The Bathymetric Explorer and Navigator, or BEN isa 13-foot diesel-powered unmanned surface vehicle that has an endurance of over 16 hours and is equipped with hydrographic survey equipment. Here, BEN is shown underway from NOAA Ship Fairweather off Point Hope, Alaska, July, 2018. Image via NOAA
While the maritime world struggles with COVID-19, one industry segment continues to grow at a rapid pace: Marine Autonomy.
With companies like the MIT startup, Blksail completing autonomous trials remotely, autonomous inland shipping companies like ZULU Associates preparing to enter the New York market, and larger scaleups like Sea Machines closing large strategic investment deals, the rapid growth of autonomous solution providers is impressive.
The U.S. Navy and the NOAA has also made rapid progress in vessel autonomy by signing a new agreement to jointly expand the development and operations of unmanned maritime systems in the nation’s coastal and world’s ocean waters.
“With the strengthening of our ongoing partnership with the Navy, NOAA will be better positioned to transition unmanned maritime technologies into operational platforms that will gather critical environmental data that will help grow the American Blue Economy,” said Tim Gallaudet, assistant secretary of commerce for oceans and atmosphere and deputy NOAA administrator.
NOAA conducts research and gathers data about the global ocean and atmosphere to forecast weather, predict climate, protect the ocean, and sustainably manage marine resources. These missions rely on new technologies such as unmanned systems to improve data gathering.
“This agreement lays the foundation for collaboration, engagement, and coordination between NOAA and the U.S. Navy that our nation has never seen before,” said Rear Adm. John Okon, of the Naval Meteorology and Oceanography Command (NMOC). The NMOC’s mission is to define the physical environment to deter aggression, maintain freedom of the seas and win wars.

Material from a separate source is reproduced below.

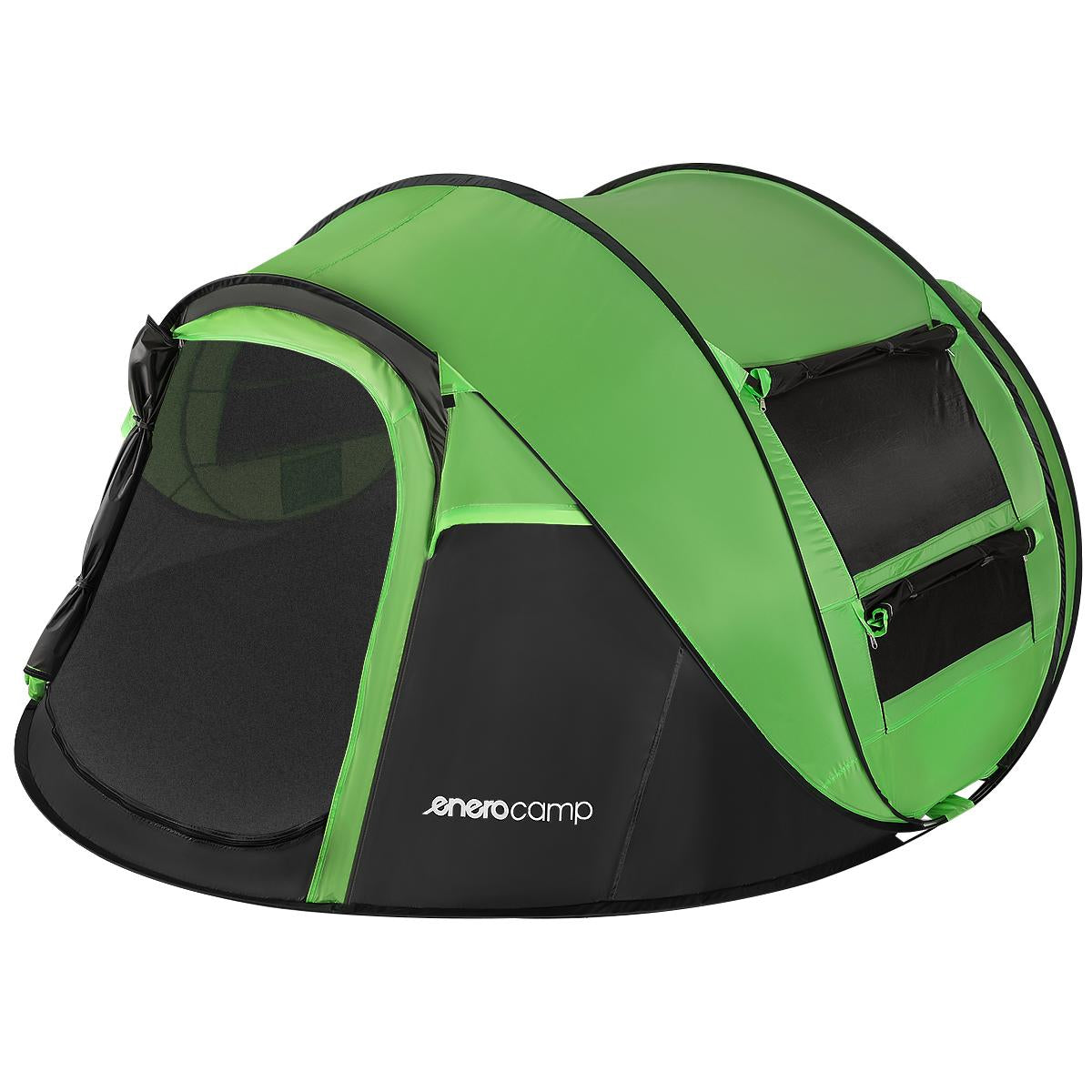 Cort autoexpandabil 4 persoane, 4 ferestre, 2 usi, impermeabil 1000 mm, 280x210x115 cm, verde-negru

The new arrangement corresponds with rapid expansion and innovation in the use of unmanned systems across the government, academia and private enterprise.
The new pact formalises the Commercial Engagement Through Ocean Technology Act of 2018, which directs NOAA to coordinate with the Navy including research of emerging unmanned technologies. Additionally, this agreement is among NOAA’s follow up actions from the November 2019 White House Summit on Partnerships in Ocean Science and Technology.
One reason for the growth in autonomous solutions is a large number of mariners unable to sign off ships because of COVID-19 travel restrictions. While smarter ships might help with these problems, many of the deals we are seeing today are not positioned to replace commercial mariners. ZULU Associate’s move into New York is focused on cargo that currently moves on trucks, the US Navy and NOAA are not commercial entities, and the MIT startup blkSAIL is investing in ways to empower, not replace mariners.
“While the blkSAIL system can already operate fully autonomously, that is not our goal.” said blkSAIL founder Mohamed Saad Ibn Seddik, “Our AI and Decision Support tools that enable safer, more sustainable, and more profitable industry with no CAPEX and no workflow changes.”
It is unclear how the broader industry will perform in the post-coronavirus world but it is clear that marine autonomy will play a large and critically important role.